Così impariamo che crescere significa non averne, di tempo. Non avere un attimo per fermarsi e stare con noi stesse. Pian piano questi ritmi si consolidano e diventano abitudine, infine essenza stessa del nostro essere.
Quando arriva un figlio, il trauma che molte donne di oggi affrontano è proprio questo: il cambiamento del tempo. Quasi più dei problemi di lavoro, dei nuovi assetti coi propri compagni, del senso di inadeguatezza nel curare un esserino che dipende da te.
Di colpo, quel tempo che credevamo di conoscere a menadito, che scorreva secondo i nostri desideri, la nostra indipendenza, prende un nuovo corso.
Cosa c’è di più destabilizzante di questo flusso incontrollabile? Come avere tra le dita una sabbia finissima e sfuggevole, che più ci sforziamo di trattenere e “gestire”, più fluisce a modo suo, facendosi beffe dei nostri sforzi.
Quel tempo che si ferma stupefatto mentre una mamma allatta, che si impenna quando restringe le tutine e costella le gengive di nuove piccole gemme. Che non puoi frenare o accelerare perché adesso è al di là delle tue capacità. Lo hai consegnato a dei piccoletti che zampettano ancora incerti ma che passeranno questo testimone al futuro, negli anni in cui dovranno procedere ormai spediti da soli.
Eppure, nonostante questo malefico scherzetto, il tempo, dopo i figli, opera un miracolo che spesso passa inosservato. Un miracolo che parla di un tempo condiviso con i figli fin dalle cellule, che si scambia.

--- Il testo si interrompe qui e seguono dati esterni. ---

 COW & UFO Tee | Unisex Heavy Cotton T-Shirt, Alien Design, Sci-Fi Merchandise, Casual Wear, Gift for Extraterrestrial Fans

I dieci anni di vita persi ogni volta che un figlio si sbuccia le ginocchia, capitombola dal divano, ti scrive sui muri, giace nel letto febbricitante, o torna a casa due ore dopo, senza clamore, torna da noi.
Ci ribadisce che non è più solo nostro, (come se non bastassero le sedute in bagno in compagnia) ma che è una cartella drive a cui accediamo noi e le pesti in simultanea.

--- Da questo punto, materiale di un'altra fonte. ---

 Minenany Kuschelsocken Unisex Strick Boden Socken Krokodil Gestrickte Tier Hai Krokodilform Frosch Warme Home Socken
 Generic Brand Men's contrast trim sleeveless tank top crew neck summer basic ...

Che i nostri figli dimenticheranno, forse. Ma anche se ci prenderanno a parolacce, o sembreranno inconsapevoli del tempo in cui cercavano una conca sotto il nostro mento, per accucciarsi e tormentarci i capelli, quel tempo non si cancellerà mai veramente. Resterà nel fondo dell’anima, come una conchiglia che risuona le onde dell’infanzia. Si nasconderà sotto la sabbia, nelle profondità degli abissi della vita adulta.

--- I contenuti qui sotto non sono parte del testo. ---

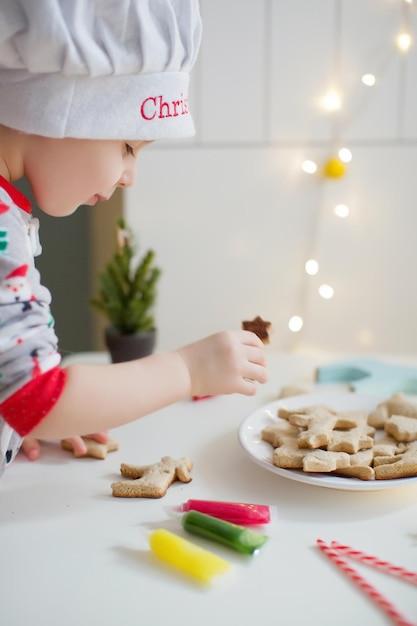 Un niño pequeño y lindo decora las galletas navideñas con un colorido glaseado en una mesa blanca cerca del árbol de Navidad con luces Concepto de cocina navideña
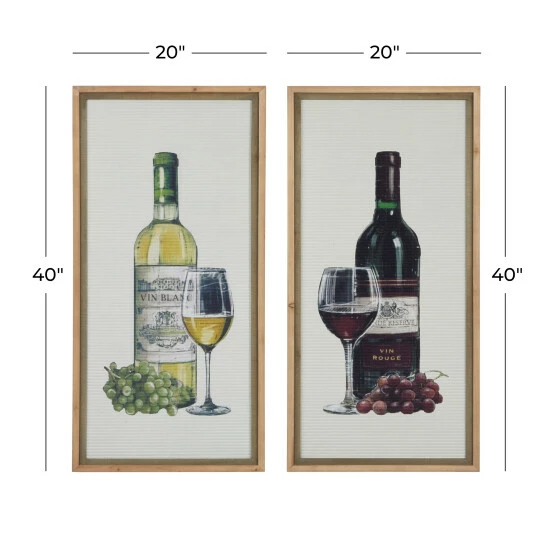 Hot Sale 🥰 Studio 350 Brown Wood Farmhouse Framed Wall Art Wine & Champagne (Set Of 2) - 20 X 2 X 40 🧨 - Image 6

Io ci credo, eccome, a quello che ha detto Dostoevskij nella parte finale del suo capolavoro incompiuto, “I fratelli Karamazov”, una perla che custodisco gelosamente:
Sappiate, dunque, che non c’è nulla di più elevato, di più forte, di più sano e di più utile nella vita che un bel ricordo, specialmente se è un ricordo dell’infanzia, della casa paterna… Se un uomo riesce a raccogliere molti di questi ricordi per portarli con sé nella vita, egli è salvo per sempre. E anche se uno solo di questi ricordi rimane con noi, nel nostro cuore, anche quello solo può essere un giorno la nostra salvezza.
Quindi sì: diamogli il nostro tempo felice con loro. Che quel buco non sia solo colmato da competenze o distrazioni che li fanno dimenticare le cose che contano veramente. Privilegio e responsabilità sacri, nel senso stretto, di noi genitori. Diamoglielo quando meno sembra a noi che non capiscano. Quando la razionalità si prende il suo, è già tardi.
Quello stesso tempo felice, cura anche il nostro male di vivere da adulti: quante volte ho visto nonni rifiorire al contatto con i propri nipotini e papà in carriera rallentare per tenere un passo in miniatura.
Vale molto più che pagargli un master prestigioso o un corso di geroglifici egiziani. Che siano due ore o tre anni: i figli respirano, si aprono come corolle al sole, grazie alla nostra felicità che li sveglia al mattino.
E quando infine la giornata si spegne, i mille impegni si zittiscono e la mente vaga liberamente, torna a cullare i sogni, anche delle mamme.